Instruction for the entries below: return the part that opens with the line containing "Ospedale per la Fauna Selvatica" and closes with the line containing "Spooky Vintag Halloween", exactly, and no pictures.

== RAW DATA ==
--------------------
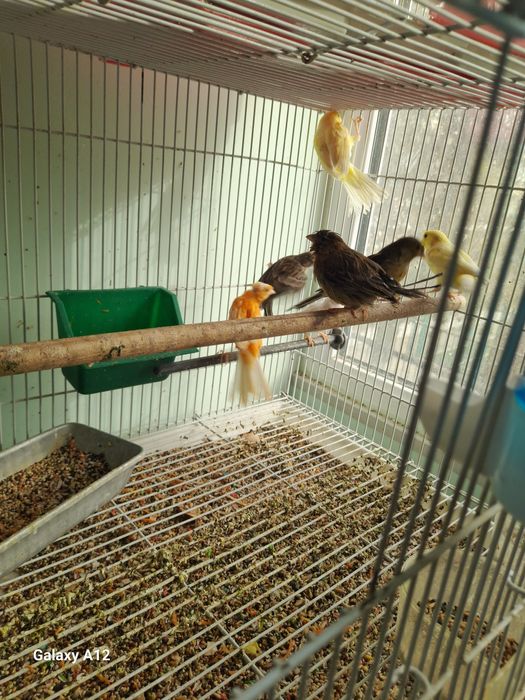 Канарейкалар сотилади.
--------------------
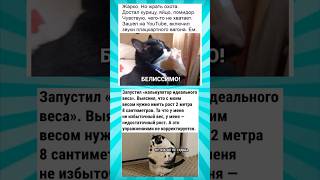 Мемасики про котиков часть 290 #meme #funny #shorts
--------------------
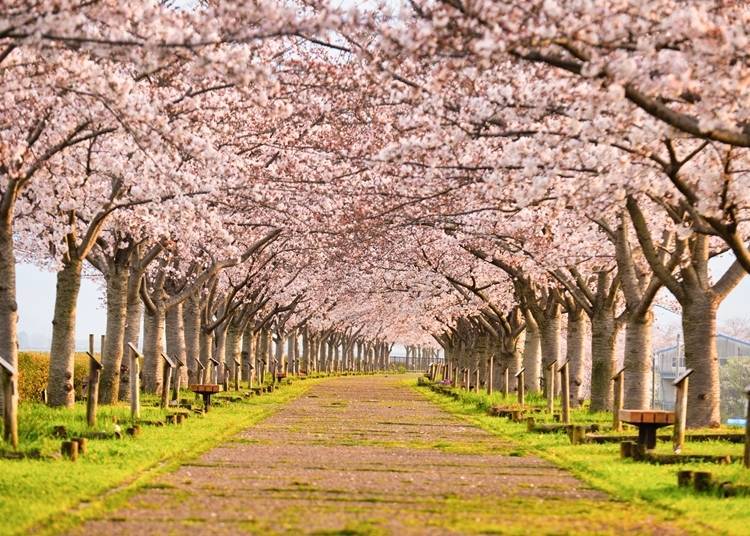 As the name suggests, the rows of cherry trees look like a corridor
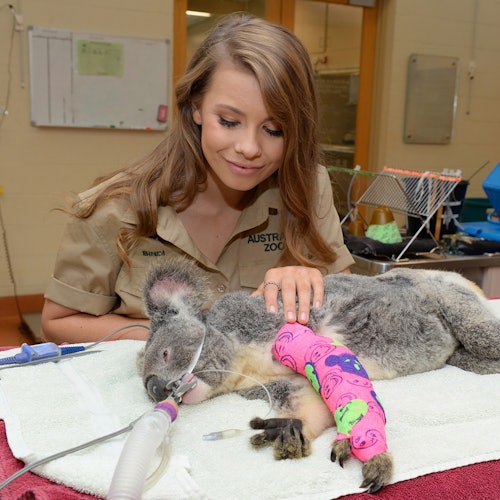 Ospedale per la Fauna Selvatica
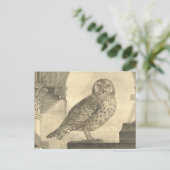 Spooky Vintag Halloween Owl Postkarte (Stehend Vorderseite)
--------------------
== ANSWER FOR THE TASK ==
 Ospedale per la Fauna Selvatica
 Spooky Vintag Halloween Owl Postkarte (Stehend Vorderseite)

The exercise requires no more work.